Big data is a big deal. Spotting trends in data enables business leaders and entrepreneurs to make better decisions, improve team performance and increase revenue.
Sales, customer and operations data can make a night-and-day difference for your business. But with the bevy of analytics tools available, the challenge isn’t analyzing but extracting data.
The most efficient method for extracting data is a process called ETL. Short for “extract, transform, load,” ETL tools pull data from the various platforms you use and prepare it for analysis.
The only alternative to ETL is manual data entry — which can take literal months, even with an enterprise amount of manpower. Save yourself the trouble by getting a grip on the ETL process.
How ETL Tools Work
Knowing how an ETL tool works is part and parcel of understanding its value. Let’s take each term of that acronym in turn:
The first step is getting data out of one program and into another. It’s the part of the process most leaders already know they need, but it’s only useful when paired with the other two.

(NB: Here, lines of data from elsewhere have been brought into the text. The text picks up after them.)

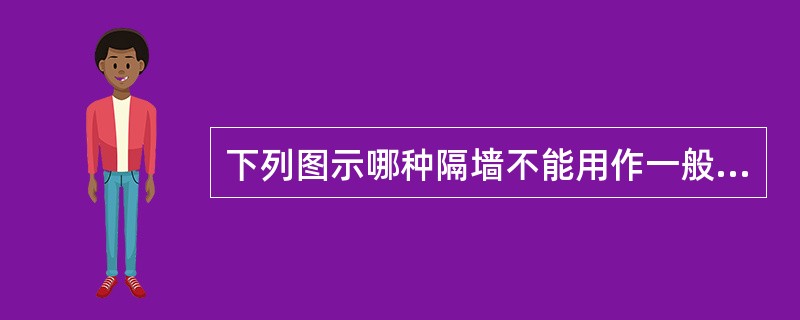 下列图示哪种隔墙不能用作一般教室之间的隔墙？（）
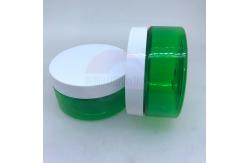 China Empty Plastic PET Jar With Green Body / Cream Jars Cosmetic Packaging supplier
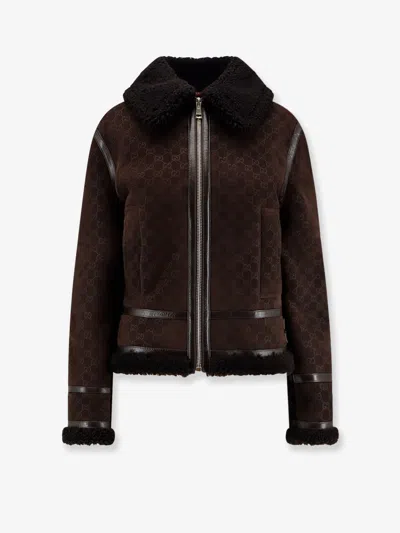Gucci Women Suede Jacket With Gg Motif In Brown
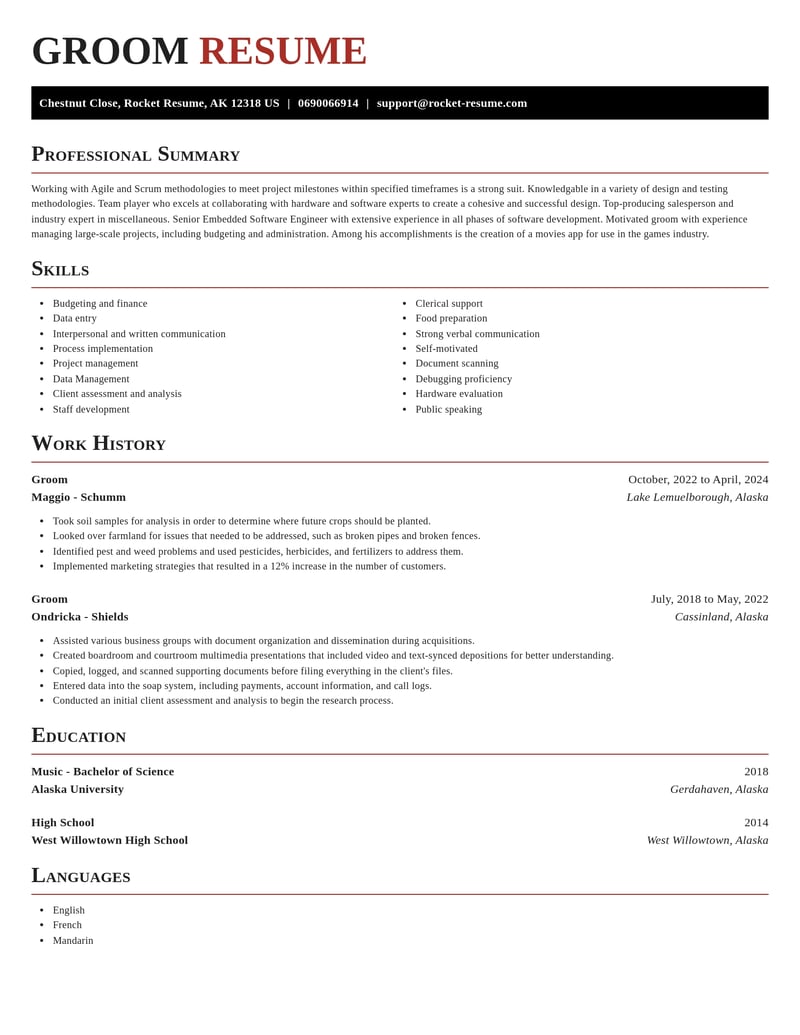 groom misc resume exquisite template 1 exq
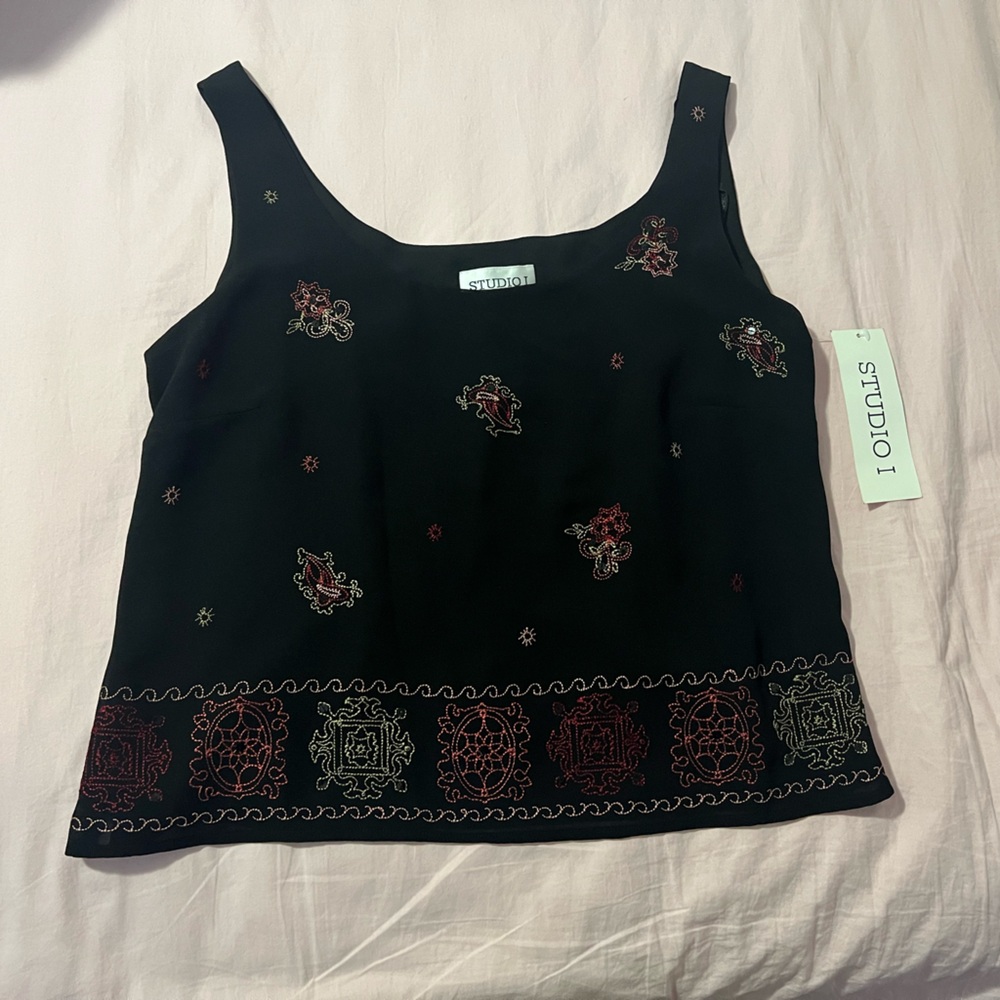 Studio I Black and Red Embroidered Tank Top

The data extracted by your ETL tool is raw. Most programs don’t “talk” to each other well, so their data must be converted to a common language before you can work with it.
Finally, your processed data is loaded into your storage vessel of choice. Many people use a data warehouse: a program built specifically for the storing and viewing of processed data. Once there, it’s finally ready to be analyzed.
What You Need to Do
The ETL process seems simple enough, right? Now that you understand it, let’s get your data pipeline flowing:
1. Set Up Triggers
To get your extraction started, you’ll need to set up an automation system. This involves designating triggers for your ETL process.

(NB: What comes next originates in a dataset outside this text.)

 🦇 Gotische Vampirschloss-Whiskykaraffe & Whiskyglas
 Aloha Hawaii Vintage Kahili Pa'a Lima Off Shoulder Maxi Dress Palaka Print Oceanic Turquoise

One trigger might be a sale made on your company website. When a customer checks out, it initiates an action: the purchase data is delivered to your ETL program. Information like the amount spent and the time of purchase are then compiled, converted and piped into your data storage system.
2. Choose a Storage Platform
As mentioned previously, extracted data needs to be stored somewhere. There are a few options to choose from, each with their own strengths and weaknesses:
- Data warehouses are used for storing data from one or multiple sources that has been processed for a specific function.

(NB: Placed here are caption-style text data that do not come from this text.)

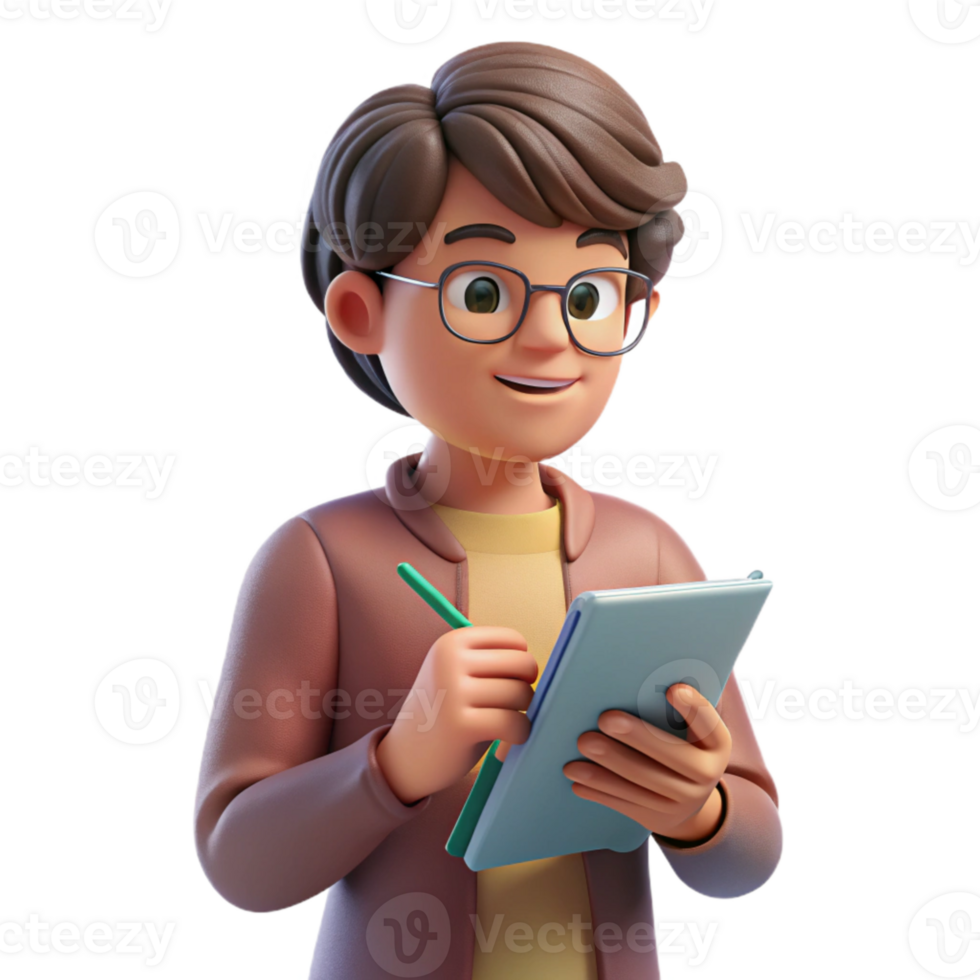 wonderful abstract Student Taking Notes in Notebook Transparent Background high quality png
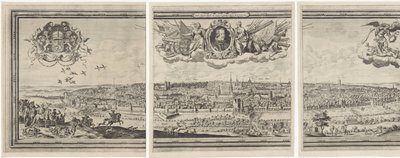 Gezicht op Brussel, standinge uit drie delen Bruksela, najszlachetniejsze miasto Brabancji w 1640 r autorstwa Abraham Dircksz. Santvoort
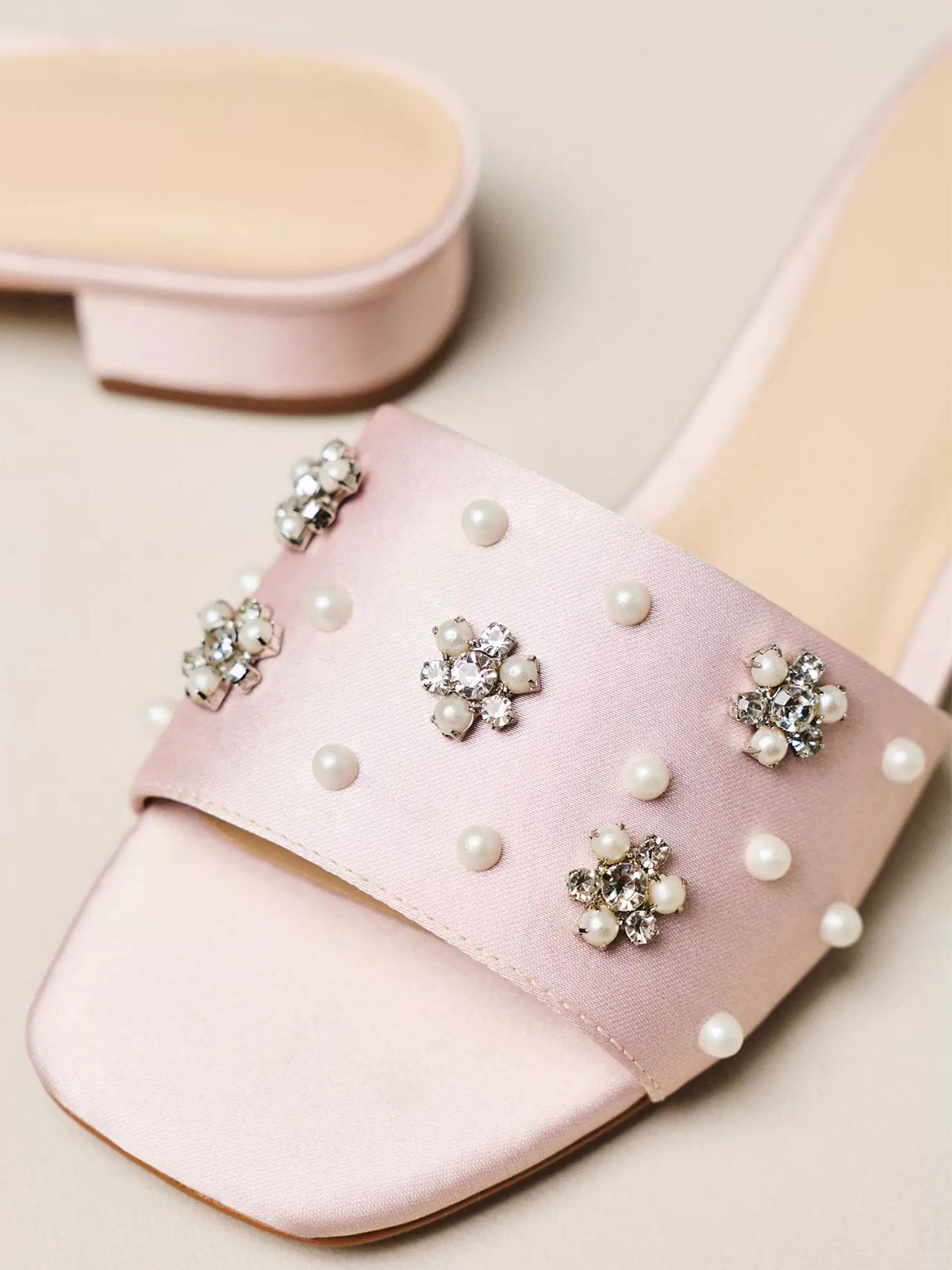 Pink Satin Square-Toe Pearl And Rhinestones Flower Applique Slide Sandals Flats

- Data lakes store raw data that has yet to be manipulated to fit an exact purpose.
- Data marts are similar to warehouses but on a much smaller scale, typically devoted to a single team or department.
- Databases are used to store information from a single source, often to support a system that uses a lot of data.
Data warehouses are the default choice for most big data initiatives, but the other three options have their merits. When in doubt, ask your IT team to weigh in.
3. Audit Your Data
Don’t blindly trust every byte sitting in your data warehouse. Address change. People switch companies. The point is, data gets outdated faster than you might think.
Regularly audit your data, ensuring everything is in place and in the correct context. Without a data audit, you may be getting an incomplete picture. When you work with limited information, you can’t make informed decisions.
Reviewing your data can identify holes in your ETL process or business strategy. You might realize, for instance, that you need to set a trigger on LinkedIn in order to compare candidates who apply there to those who fill out a form on your site.
What if you spot data that isn’t factual, consistent, or within the parameters you meant to set? Sometimes, you can repair it automatically using a data enrichment tool. Other gaps might require some research and manual revision on your part.
The data your business generates is at least as valuable as any physical asset it owns. You wouldn’t let your office or company vehicles fall into disrepair, would you? Don’t let your data collect dust, either.
Use an ETL tool to pull your data and give it a polish. Until then, you won’t be able to unlock all the insights analytics tools love to tout.